Isotropic Gaussian Processes on Finite Spaces of Graphs

TL;DR

This paper introduces a method to define and compute Gaussian process priors on various graph sets, respecting their geometric structure, and demonstrates their application in molecular property prediction.

Contribution

It presents a novel framework for Gaussian processes on graph spaces, including efficient kernel computation and handling of graph equivalence classes.

Findings

Efficient kernel evaluation for graph Gaussian processes.

Application to molecular property prediction with small data.

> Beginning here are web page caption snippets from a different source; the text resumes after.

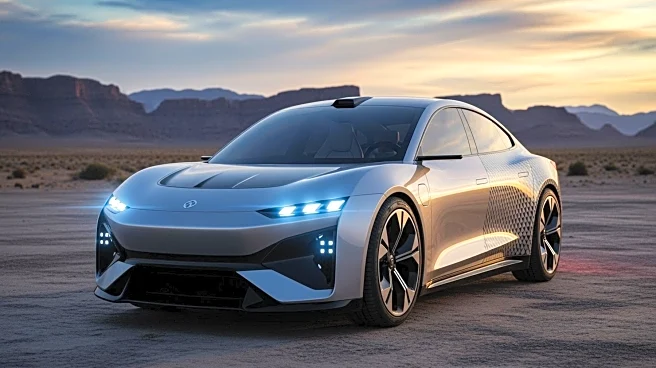 Tesla's 'Mad Max' Mode Under Investigation by U.S. Regulators for Safety Concerns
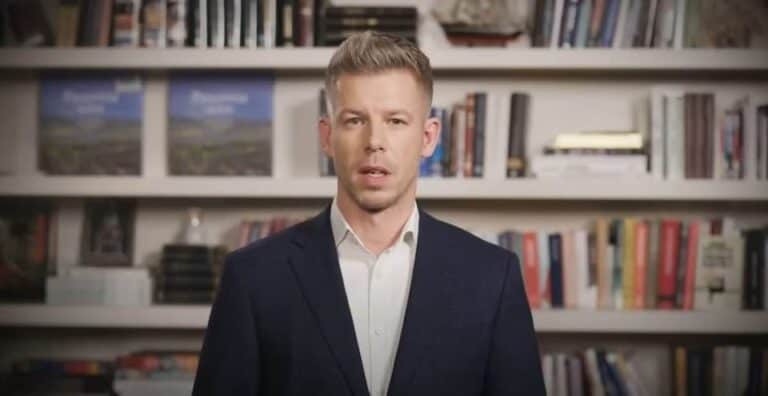 Magyar Péter éles kritikával illette Sulyok Tamás köztársasági elnököt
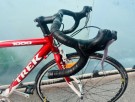 Brukt landeveissykkel Trek Alpha 1000 - XS (50cm) thumbnail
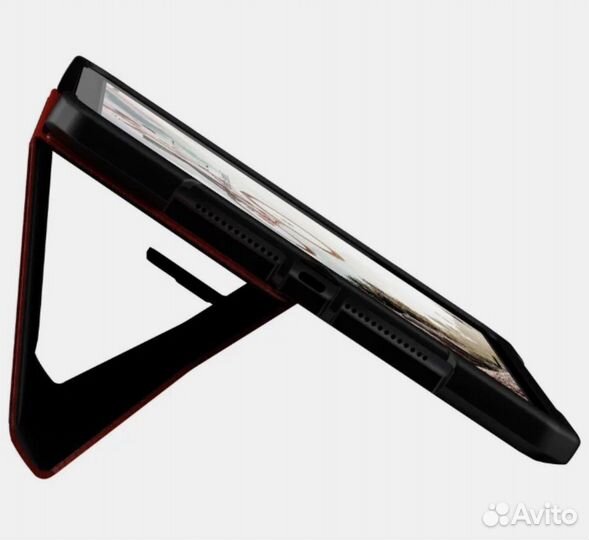 Чехол UAG Metropolis Case для iPad 10.2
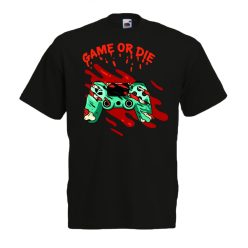 Game or die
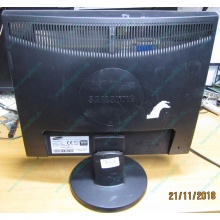  Монитор 19" Samsung SyncMaster 943N экран с царапинами (Новошахтинск)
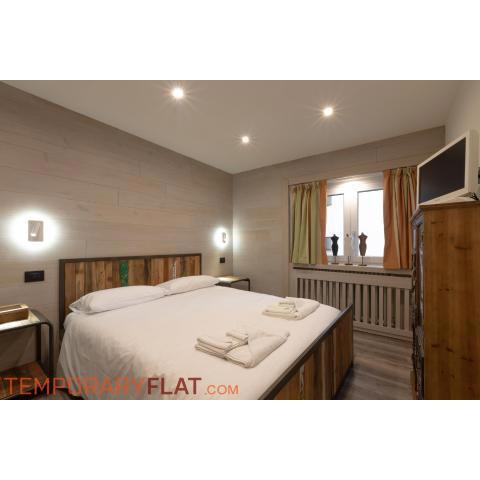 TEMPORARYFLAT COURMAYEUR ROYAL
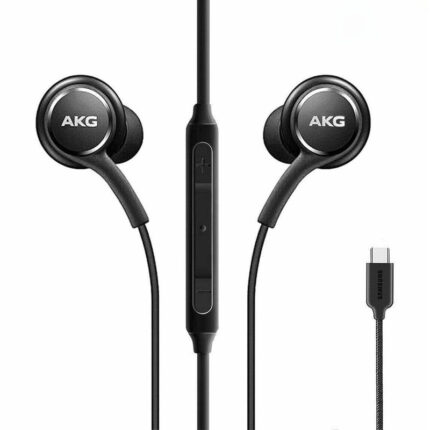 هندزفری مدل TYPE-C EARPHONES(EOo-IC1001)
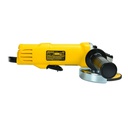 Amoladora 4 1/2&quot; DEWALT DWE4120-BE 900Watt / DEWALT-6-D-3-C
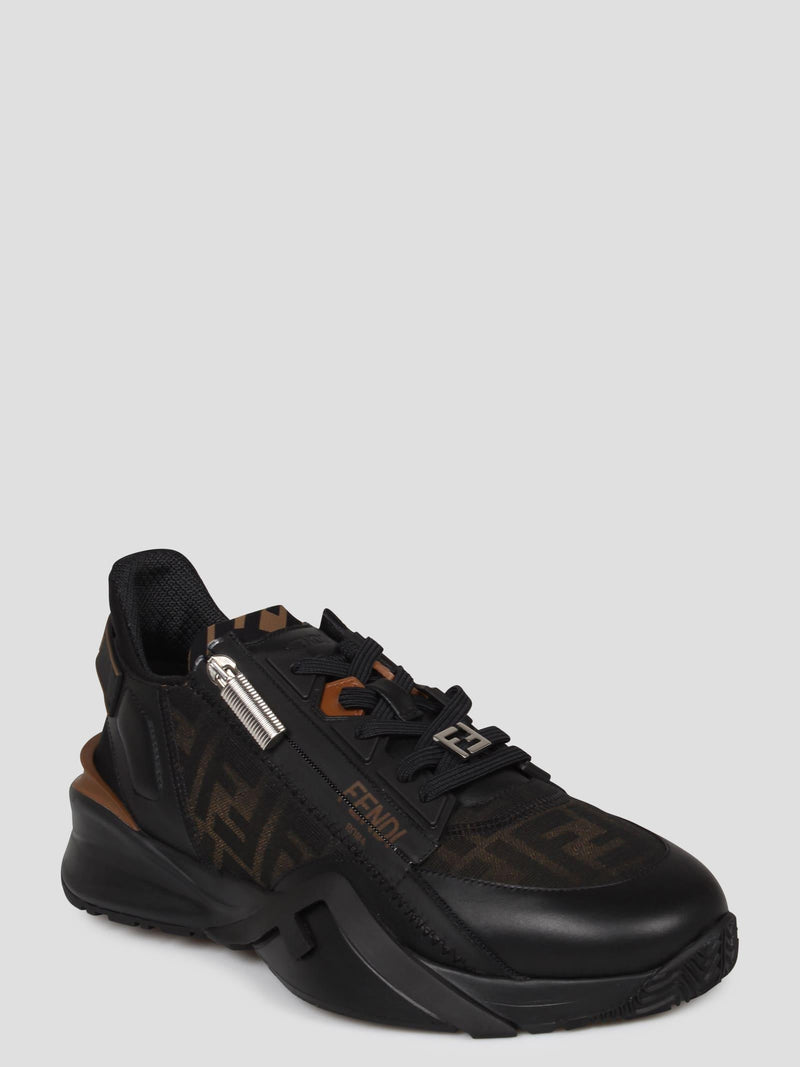 Fendi Flow Sneakers - Men - Piano Luigi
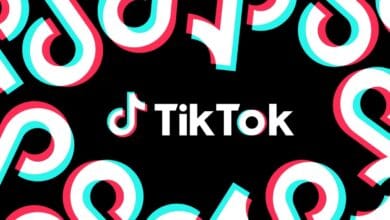 تحديث تيك توك الجديد مع رسائل صوتية ومحادثات خاصة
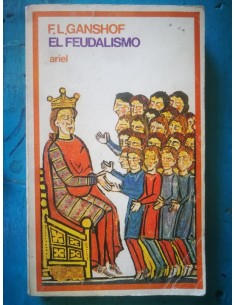 El Feudalismo (Usado)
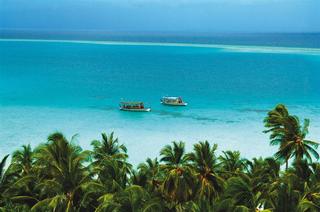 Diamonds Athuruga Beach & Water Villas fotoÄŸrafÄ±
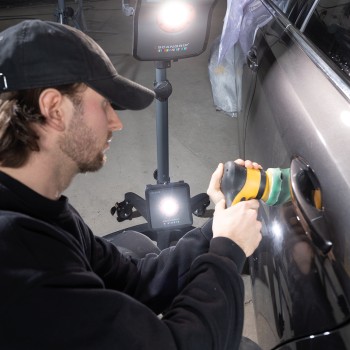 Scangrip 03.5675C R fivonet Set Aufbereitung Multimatch3 und R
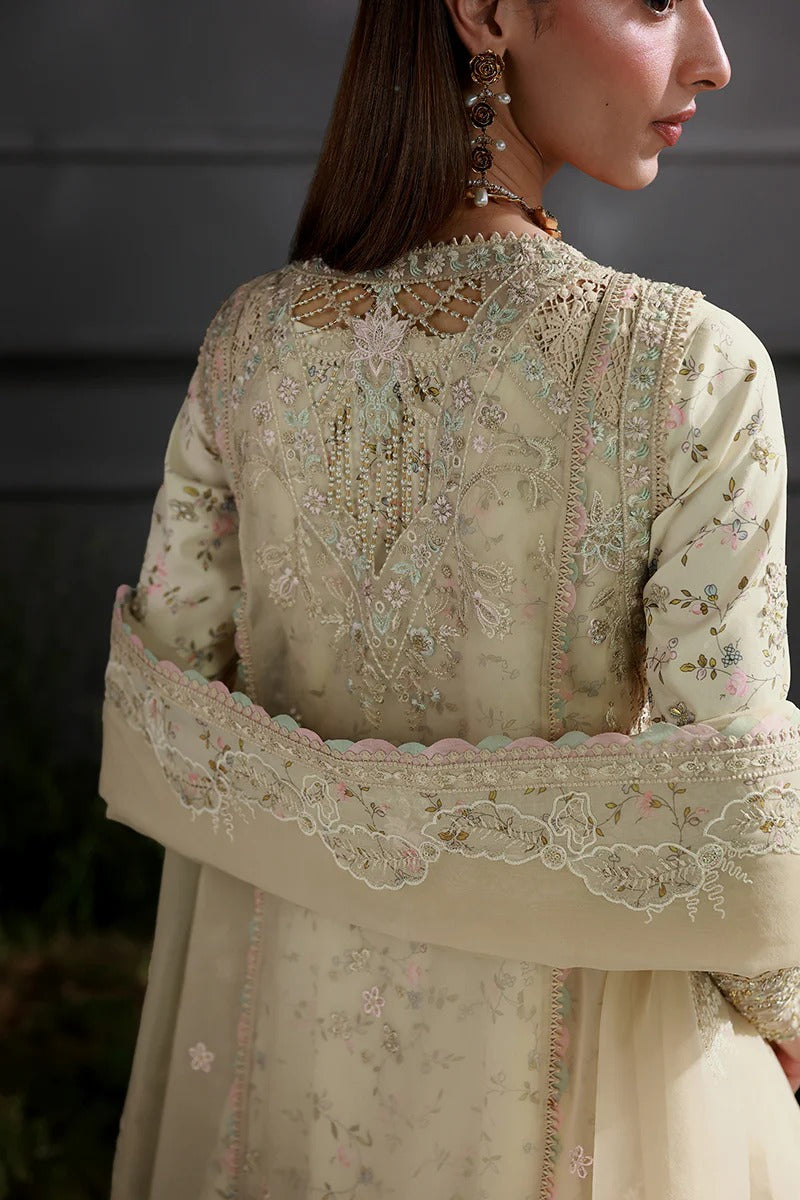 IVORY GRACE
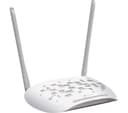 TP-LINK TL-WA801N WiFi Access Point - N300, Single Band thumbnail 1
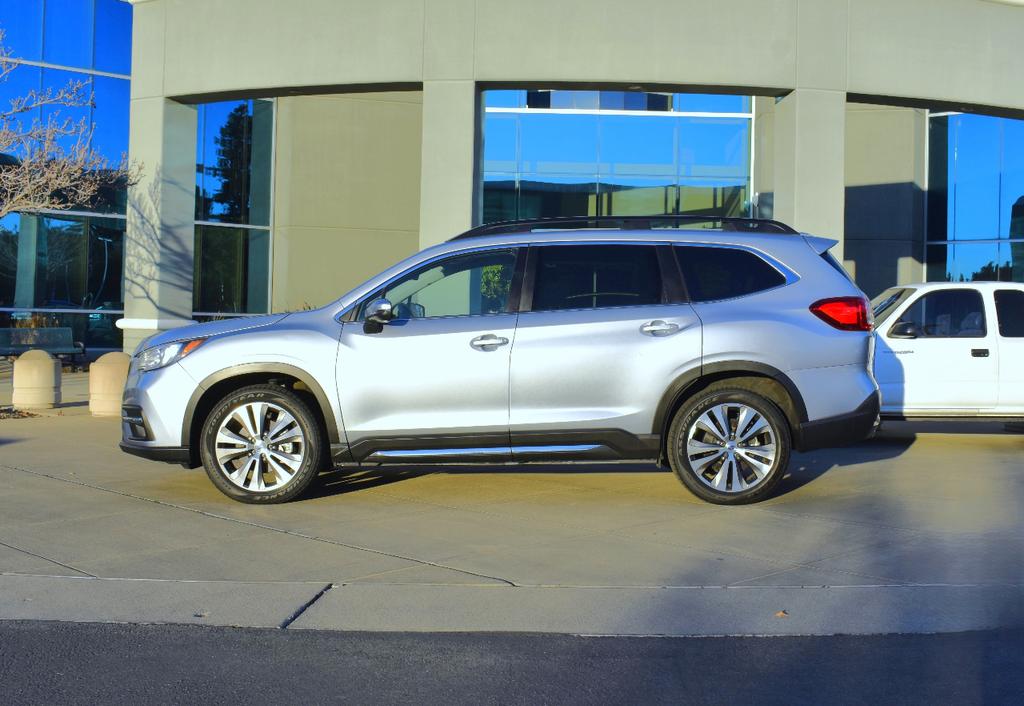 used 2020 Subaru Ascent car, priced at $26,700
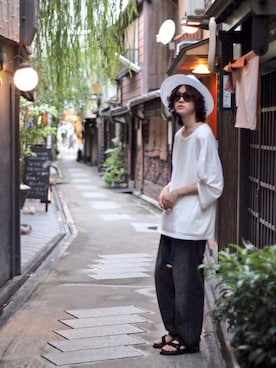 GIROさんのコーディネート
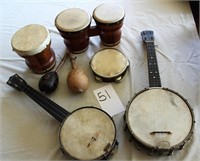 Youth Instruments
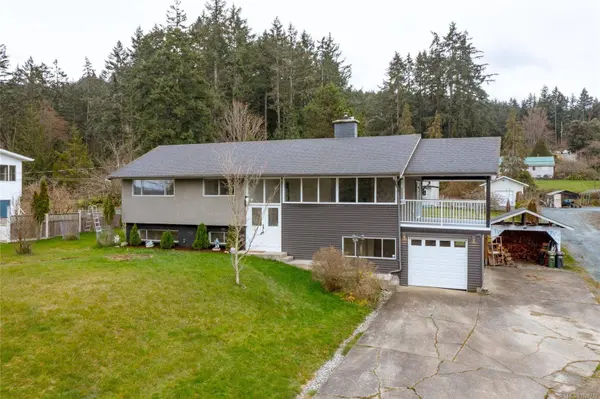1475 Tatlo Rd, Crofton, BC V9L 5W7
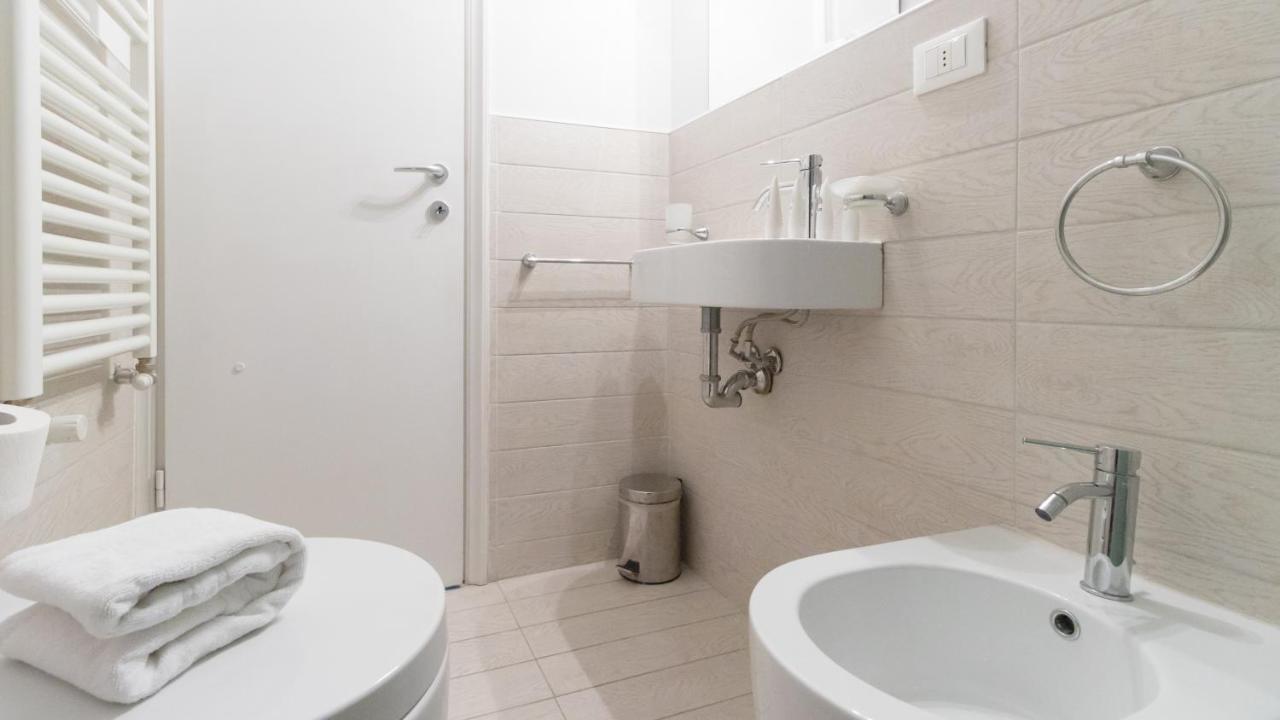 Italianway - Bligny 19 Flat Apartment Milan Exterior photo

Approximation methods for intractable kernel computations.

Abstract

We propose a principled way to define Gaussian process priors on various sets of unweighted graphs: directed or undirected, with or without loops. We endow each of these sets with a geometric structure, inducing the notions of closeness and symmetries, by turning them into a vertex set of an appropriate metagraph. Building on this, we describe the class of priors that respect this structure and are analogous to the Euclidean isotropic processes, like squared exponential or Mat\'ern. We propose an efficient computational technique for the ostensibly intractable problem of evaluating these priors' kernels, making such Gaussian processes usable within the usual toolboxes and downstream applications. We go further to consider sets of equivalence classes of unweighted graphs and define the appropriate versions of priors thereon. We prove a hardness result, showing that in this case, exact kernel computation cannot be performed efficiently. However, we propose a simple Monte Carlo approximation for handling moderately sized cases. Inspired by applications in chemistry, we illustrate the proposed techniques on a real molecular property prediction task in the small data regime.